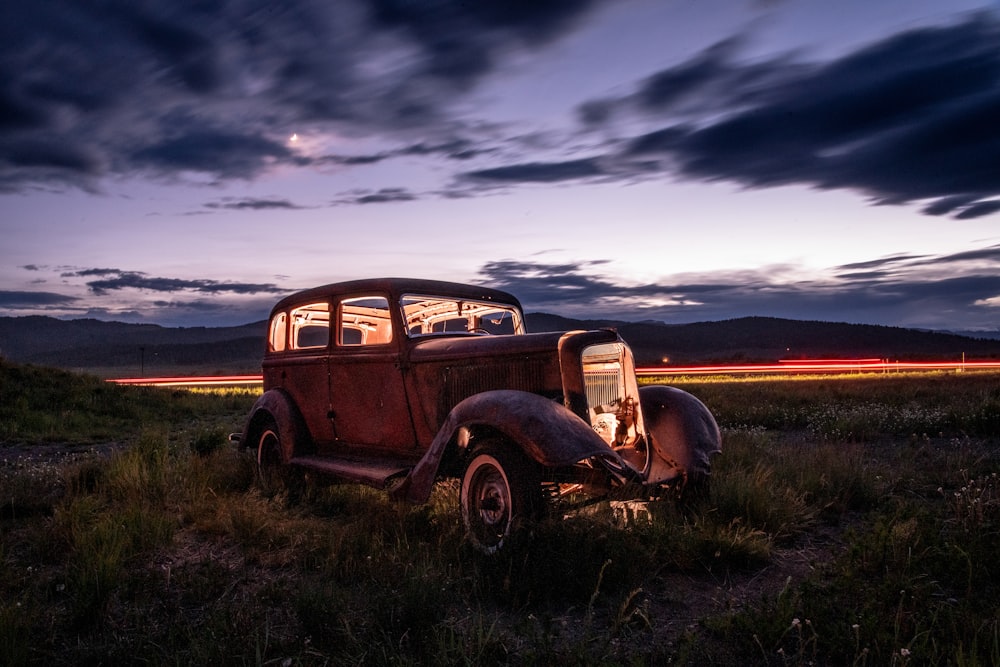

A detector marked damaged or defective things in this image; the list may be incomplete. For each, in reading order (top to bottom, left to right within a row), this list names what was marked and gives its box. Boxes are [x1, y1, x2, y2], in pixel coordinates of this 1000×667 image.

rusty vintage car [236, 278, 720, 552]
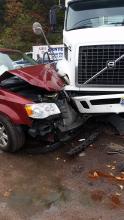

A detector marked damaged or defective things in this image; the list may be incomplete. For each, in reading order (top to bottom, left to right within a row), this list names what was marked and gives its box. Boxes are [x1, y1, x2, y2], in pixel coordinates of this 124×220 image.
====================
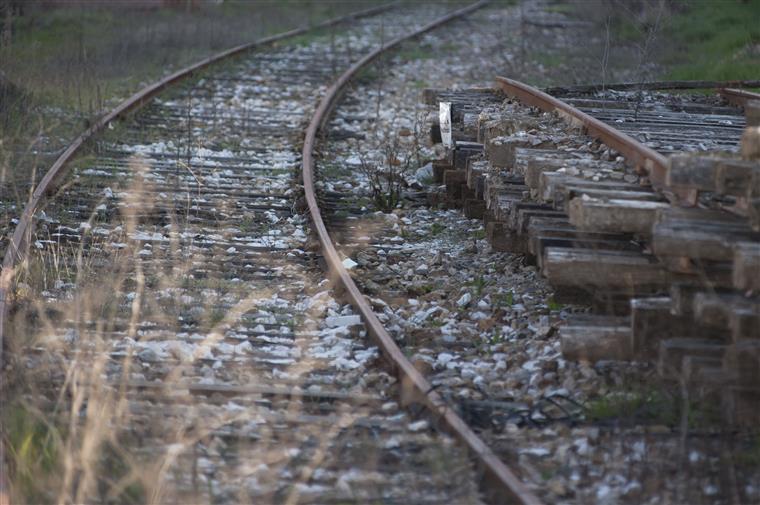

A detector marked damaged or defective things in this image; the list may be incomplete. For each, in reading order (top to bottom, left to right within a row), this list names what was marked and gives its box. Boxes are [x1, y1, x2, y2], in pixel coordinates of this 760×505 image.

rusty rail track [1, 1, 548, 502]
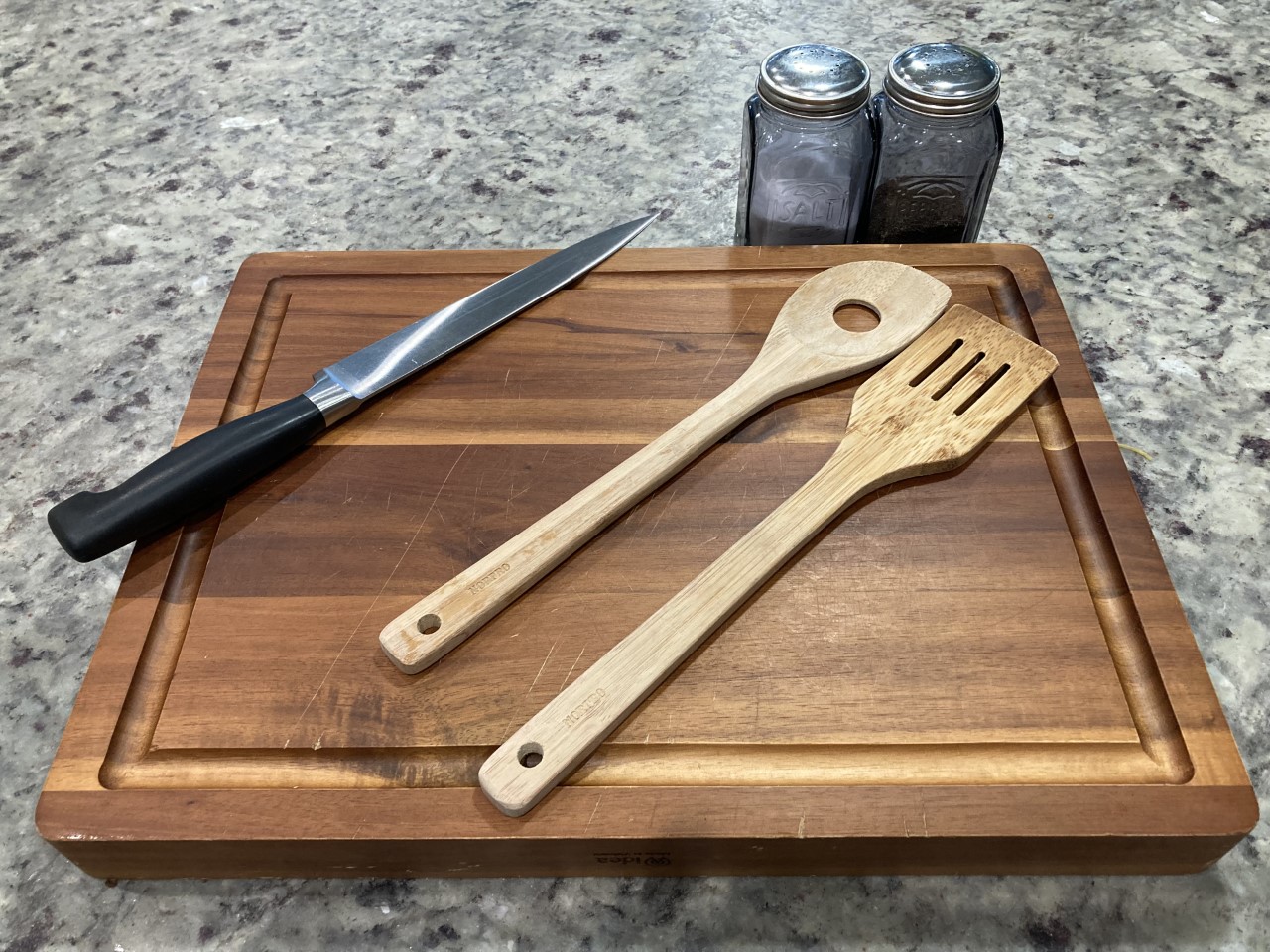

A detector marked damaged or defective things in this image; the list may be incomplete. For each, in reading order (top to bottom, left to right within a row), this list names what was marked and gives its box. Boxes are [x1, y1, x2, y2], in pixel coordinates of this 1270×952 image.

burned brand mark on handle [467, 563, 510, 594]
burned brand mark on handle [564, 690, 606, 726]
====================
▶ ACTIVITY:
Go to the line above holding "this 1000×667 image.", then copy exactly each line down to and including the one holding "this 124×220 image.", leaving pictures out.

▶ OUTPUT:
A detector marked damaged or defective things in this image; the list may be incomplete. For each, in reading order (top to bottom, left to right within a row), this list names what was marked and gives its box. Boxes are [x1, y1, x2, y2], in pixel coordinates of this 1000×667 image.

rusty vintage car [236, 278, 720, 552]

A detector marked damaged or defective things in this image; the list may be incomplete. For each, in reading order (top to bottom, left to right within a row), this list names what was marked and gives its box. Boxes are [x1, y1, x2, y2], in pixel coordinates of this 124×220 image.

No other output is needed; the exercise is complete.